In the records below, find the line with "I like the term" and repeat exactly every line from it through the line with "It's 18 pounds". Pictures stay out.

LISTED RECORDS:

☆ ☆ ☆ ☆ ☆ ☆ ☆

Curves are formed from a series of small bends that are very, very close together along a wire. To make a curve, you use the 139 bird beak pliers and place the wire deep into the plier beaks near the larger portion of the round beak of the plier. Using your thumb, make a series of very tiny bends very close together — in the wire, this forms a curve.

☆ ☆ ☆ ☆ ☆ ☆ ☆

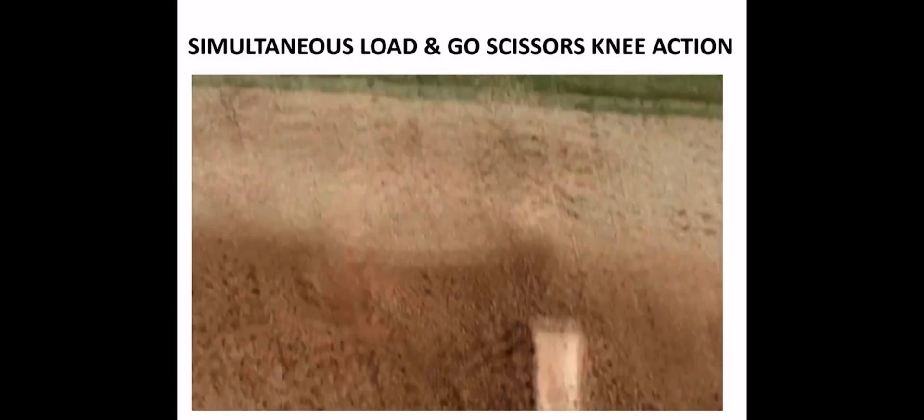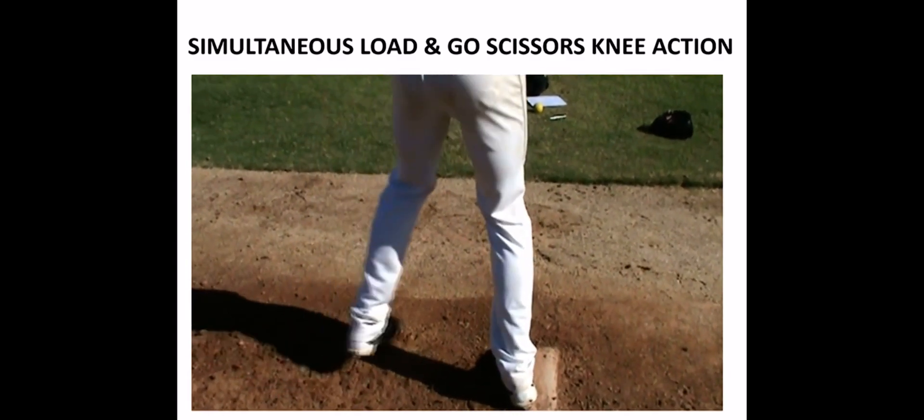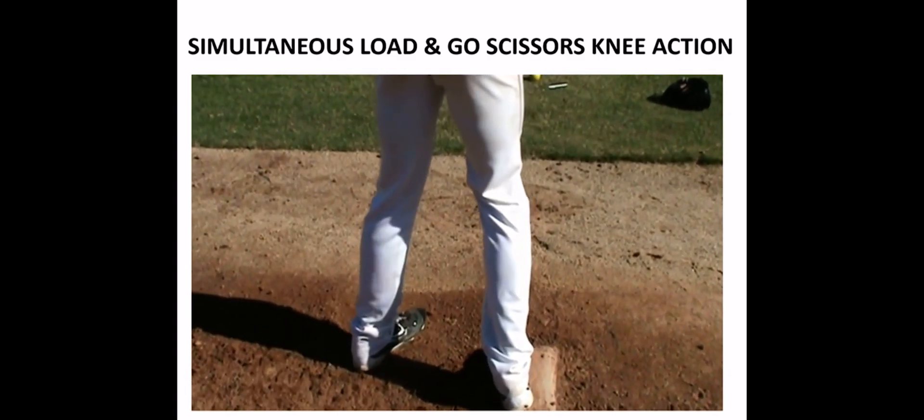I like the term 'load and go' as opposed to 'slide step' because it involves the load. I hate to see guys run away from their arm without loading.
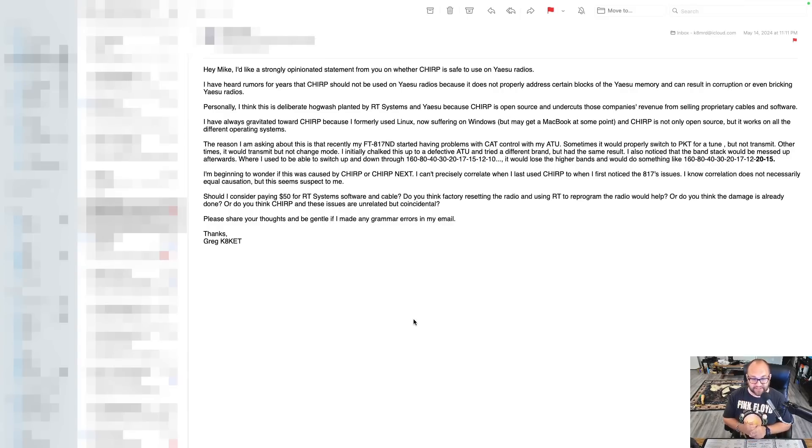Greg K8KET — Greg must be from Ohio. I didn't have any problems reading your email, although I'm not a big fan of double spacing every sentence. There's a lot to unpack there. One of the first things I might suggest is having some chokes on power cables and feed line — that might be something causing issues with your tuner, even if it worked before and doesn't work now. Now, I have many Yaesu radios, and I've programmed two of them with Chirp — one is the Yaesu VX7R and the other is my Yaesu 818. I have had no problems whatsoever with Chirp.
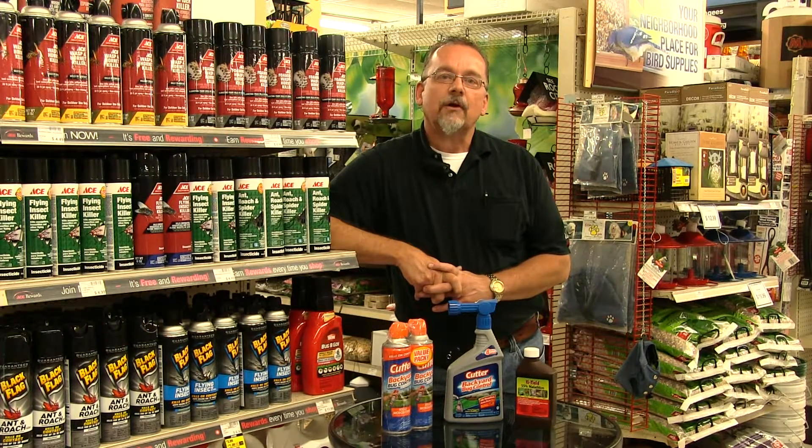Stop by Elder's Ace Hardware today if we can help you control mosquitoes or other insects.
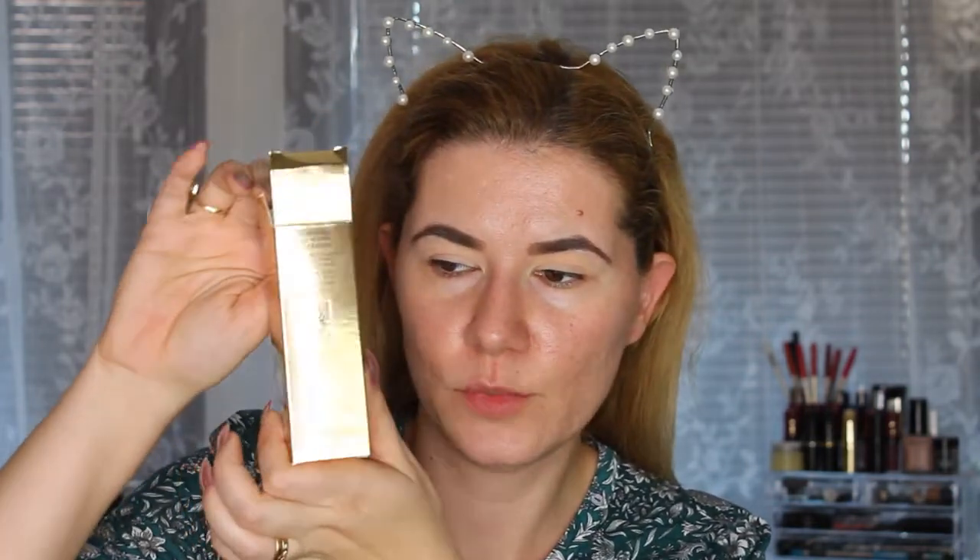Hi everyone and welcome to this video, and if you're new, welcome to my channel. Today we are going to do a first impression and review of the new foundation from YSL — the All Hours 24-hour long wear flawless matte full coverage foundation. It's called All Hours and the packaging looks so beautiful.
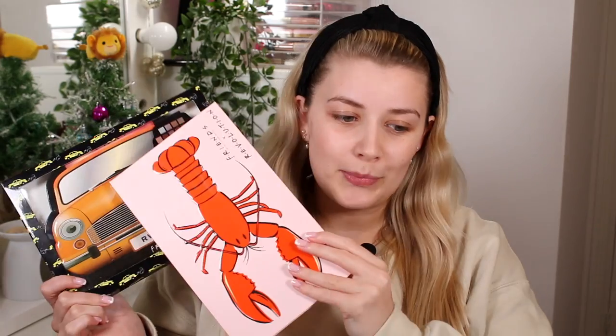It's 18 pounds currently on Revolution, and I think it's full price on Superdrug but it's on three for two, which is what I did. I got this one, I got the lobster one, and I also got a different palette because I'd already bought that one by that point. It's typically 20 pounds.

☆ ☆ ☆ ☆ ☆ ☆ ☆

THE ANSWER:
I like the term 'load and go' as opposed to 'slide step' because it involves the load. I hate to see guys run away from their arm without loading.
Greg K8KET — Greg must be from Ohio. I didn't have any problems reading your email, although I'm not a big fan of double spacing every sentence. There's a lot to unpack there. One of the first things I might suggest is having some chokes on power cables and feed line — that might be something causing issues with your tuner, even if it worked before and doesn't work now. Now, I have many Yaesu radios, and I've programmed two of them with Chirp — one is the Yaesu VX7R and the other is my Yaesu 818. I have had no problems whatsoever with Chirp.
Stop by Elder's Ace Hardware today if we can help you control mosquitoes or other insects.
Hi everyone and welcome to this video, and if you're new, welcome to my channel. Today we are going to do a first impression and review of the new foundation from YSL — the All Hours 24-hour long wear flawless matte full coverage foundation. It's called All Hours and the packaging looks so beautiful.
It's 18 pounds currently on Revolution, and I think it's full price on Superdrug but it's on three for two, which is what I did. I got this one, I got the lobster one, and I also got a different palette because I'd already bought that one by that point. It's typically 20 pounds.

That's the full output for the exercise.